In his last 13 games, a stretch that's seen Bozak tally 16 total points, the Maple Leafs have scored 16 goals with Bozak on the ice during 5-on-5 play. They've done this while recording just 112 shots on goal, which results in an on-ice shooting percentage of 14.2, a ridiculously high number that no player can realistically hope to maintain for an extended period of time. Since the start of the 2007-08 season only four players have appeared in at least 40 games and finished with an on-ice shooting percentage higher than 14 percent (Nazem Kadri and Mark Fraser last year, Darryl Boyce in 2011-12, and Daniel Sedin in 2009-10).

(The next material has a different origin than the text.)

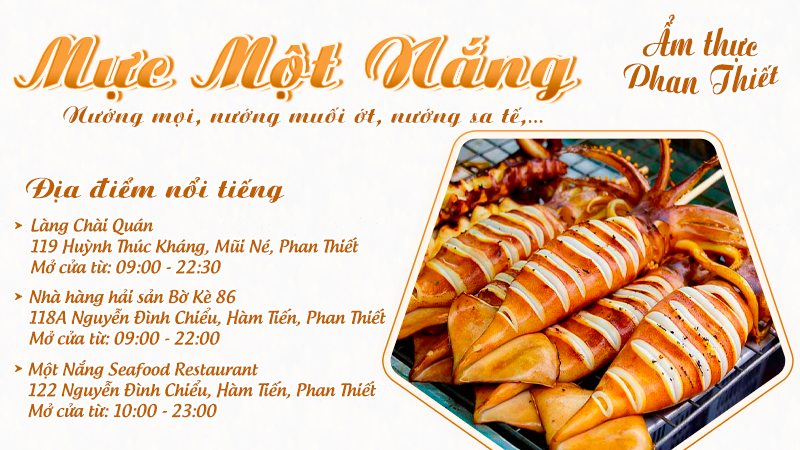 Mực một nắng nướng | Food tour Phan Thiết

But is Bozak really doing anything to drive such a high percentage? Probably not. If you go back and look at the pucks that have gone in the net with him on the ice, there is a lot of wild stuff happening. Two of the goals Bozak himself scored came on deflections in front of the net. Being able to deflect a shot is a skill, but sometimes whether or not that shot actually goes in is luck. Often times, an inch or two higher or lower and a goal turns into a shot off the post or a shot that goes into a goalies glove instead of the night.
Two more came on plays where opposing goaltenders were down and out of position (Tuukka Rask on one goal Tuesday, and a recent goal against Cory Schneider). Another came on a play where Pittsburgh's Jeff Zatkoff misplayed a long-distance shot that trickled behind, and Bozak was able to swoop in and tap it across the line.
It's the perfect combination of skill, luck and talented line mates helping to create a torrid scoring streak.
This is the type of stuff that drives shooting percentages, and it's not always repeatable, whether it be over a two-week segment of a season or the entire year.
Just consider this: Last season, the top 10 forwards in the NHL in shooting percentage (minimum 100 shots) combined to score on 19 percent of their shots on goal. The bottom 10 forwards combined to score on just 6 percent. This season, the same 10 players at the top of the NHL are scoring on 13 percent of their shots. And the same players from the bottom 10 group? They are also scoring on 13 percent of their shots. That means that right now the "worst" shooters in the league last season are shooting at the same level as the "best" shooters, as a group.
Did the top guys suddenly forget how to score? Did the bottom guys find the magic spot on the ice? Nope. It just means that percentages wildly fluctuate all over the place, and the best way to keep scoring goals is to keep putting yourself in a position to get a shot. That's more than half of the battle.
Even though it sounds like it, this isn't meant to be a call out of Tyler Bozak. It's just an example as to how in every season, just about every player that gets meaningful playing time is prone to hot and cold streaks.
It sounds too simplistic, but sometimes the puck just goes in the net for you. And sometimes it doesn't.